Also, there are many women in orchestras. I saw Chicago just before the pandemic and all of the percussionists were women.


----------



## fbjim (Mar 8, 2021)

I will stick up for the local folks in the Seattle Symphony here - and their own-label releases include top-of-the-heap quality recordings of Ives, Dutilleux, and Mahler.

Back in the day, they were also a popular orchestra for Naxos Records.


----------



## Heck148 (Oct 27, 2016)

fbjim said:


> Back in the day, they were also a popular orchestra for Naxos Records.


The Schwarz/Seattle survey of American symphonic works was very good..originally they were released on Denon, iirc...then re-released on Naxos..
Seattle got into trouble with the American Federation of Musicians, because these recordings were made under scale set by the union. I disagree with the union, they've priced American orchestras out of recording jobs...


----------



## Heck148 (Oct 27, 2016)

Simon Moon said:


> I'm pretty happy with quality of my hometown orchestra, the LA Phil.


LAPO has been really fine for many years...Chicago and NYPO had traditionally been the highest paid orchestras...however, in recent years, it became Chicago, LAPO and SFSO that have the highest scales (pre-covid, that is, the pandemic made hash of existing contracts)


----------



## Pyotr (Feb 26, 2013)

I like the Berlin Philharmonic Orchestra, but someone mentioned to me several weeks ago that it was light in the string section. I am a little confused about this statement. Maybe it was a post-pandemic thing, I forgot to ask him.

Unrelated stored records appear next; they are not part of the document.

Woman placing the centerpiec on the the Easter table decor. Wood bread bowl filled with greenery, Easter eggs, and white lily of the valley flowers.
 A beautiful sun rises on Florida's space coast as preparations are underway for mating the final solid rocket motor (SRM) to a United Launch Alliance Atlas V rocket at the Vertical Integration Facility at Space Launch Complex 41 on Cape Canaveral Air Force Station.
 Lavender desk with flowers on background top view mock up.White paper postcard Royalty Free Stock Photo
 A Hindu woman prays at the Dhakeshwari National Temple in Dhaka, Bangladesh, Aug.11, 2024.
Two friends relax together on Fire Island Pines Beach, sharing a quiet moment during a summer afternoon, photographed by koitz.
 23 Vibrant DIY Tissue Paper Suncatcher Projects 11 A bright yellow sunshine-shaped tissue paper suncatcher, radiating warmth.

Does anyone here believe that to be true?


----------



## 59540 (May 16, 2021)

It's hard to say...as someone already pointed out, the orchestra you heard and loved in a 50-year-old recording may be totally different now. I like the Berlin cello section.  The Chicago brass used to be awe-inspiring. In all honesty I don't that much about how those orchestras sound *now*. When I was a *lot* younger I used to listen to public radio broadcasts of the NYP, the Cleveland Orchestra and the Chicago Symphony, which was still at that time in the Solti era. I haven't listened to those orchestras in that way for a very long time now, unfortunately.


----------



## Olias (Nov 18, 2010)

Obviously orchestras change over time based on conductors, musicians, community, etc.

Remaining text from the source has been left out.